The lines to reproduce run from the first one below to the line containing "Electro valve", both included. Reproduce them exactly and nothing else.

(Short text fragments from websites)
========

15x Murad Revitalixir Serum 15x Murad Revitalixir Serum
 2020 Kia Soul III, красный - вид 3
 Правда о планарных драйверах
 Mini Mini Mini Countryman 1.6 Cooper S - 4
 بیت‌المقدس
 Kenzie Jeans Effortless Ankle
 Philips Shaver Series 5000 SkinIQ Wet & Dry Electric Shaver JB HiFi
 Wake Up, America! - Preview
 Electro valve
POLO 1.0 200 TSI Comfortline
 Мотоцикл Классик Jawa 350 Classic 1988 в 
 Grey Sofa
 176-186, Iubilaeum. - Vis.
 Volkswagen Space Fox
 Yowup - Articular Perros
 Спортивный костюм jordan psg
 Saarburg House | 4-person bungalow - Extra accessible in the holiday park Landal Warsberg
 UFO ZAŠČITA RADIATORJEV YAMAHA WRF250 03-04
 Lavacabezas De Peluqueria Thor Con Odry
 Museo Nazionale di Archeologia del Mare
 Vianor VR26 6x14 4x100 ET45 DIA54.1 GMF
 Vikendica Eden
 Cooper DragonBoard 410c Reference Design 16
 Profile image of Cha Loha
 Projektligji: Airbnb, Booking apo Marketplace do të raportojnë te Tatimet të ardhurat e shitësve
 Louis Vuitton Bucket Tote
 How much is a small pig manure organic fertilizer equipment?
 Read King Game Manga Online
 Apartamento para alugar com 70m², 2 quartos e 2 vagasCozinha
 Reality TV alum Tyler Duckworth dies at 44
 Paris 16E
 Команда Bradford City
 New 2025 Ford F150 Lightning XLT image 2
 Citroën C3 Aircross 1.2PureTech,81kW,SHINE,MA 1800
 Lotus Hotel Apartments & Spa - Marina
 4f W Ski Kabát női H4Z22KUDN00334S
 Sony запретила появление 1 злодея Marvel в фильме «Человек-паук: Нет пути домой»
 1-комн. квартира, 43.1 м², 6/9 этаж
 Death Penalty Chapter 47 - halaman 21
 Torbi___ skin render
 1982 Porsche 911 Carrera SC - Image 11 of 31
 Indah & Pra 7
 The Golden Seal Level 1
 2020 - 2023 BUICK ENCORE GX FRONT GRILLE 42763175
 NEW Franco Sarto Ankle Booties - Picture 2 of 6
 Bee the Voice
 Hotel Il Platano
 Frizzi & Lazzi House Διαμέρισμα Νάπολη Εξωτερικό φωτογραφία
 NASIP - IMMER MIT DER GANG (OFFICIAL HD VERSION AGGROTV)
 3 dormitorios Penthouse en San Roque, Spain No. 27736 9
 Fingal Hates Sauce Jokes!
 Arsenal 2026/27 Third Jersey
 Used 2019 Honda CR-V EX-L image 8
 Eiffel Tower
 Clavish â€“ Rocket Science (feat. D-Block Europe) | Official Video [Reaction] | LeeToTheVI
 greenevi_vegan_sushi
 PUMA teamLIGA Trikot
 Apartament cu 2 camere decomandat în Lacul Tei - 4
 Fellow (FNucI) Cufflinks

========

| SOLUTION FOR THIS TASK |
15x Murad Revitalixir Serum 15x Murad Revitalixir Serum
 2020 Kia Soul III, красный - вид 3
 Правда о планарных драйверах
 Mini Mini Mini Countryman 1.6 Cooper S - 4
 بیت‌المقدس
 Kenzie Jeans Effortless Ankle
 Philips Shaver Series 5000 SkinIQ Wet & Dry Electric Shaver JB HiFi
 Wake Up, America! - Preview
 Electro valve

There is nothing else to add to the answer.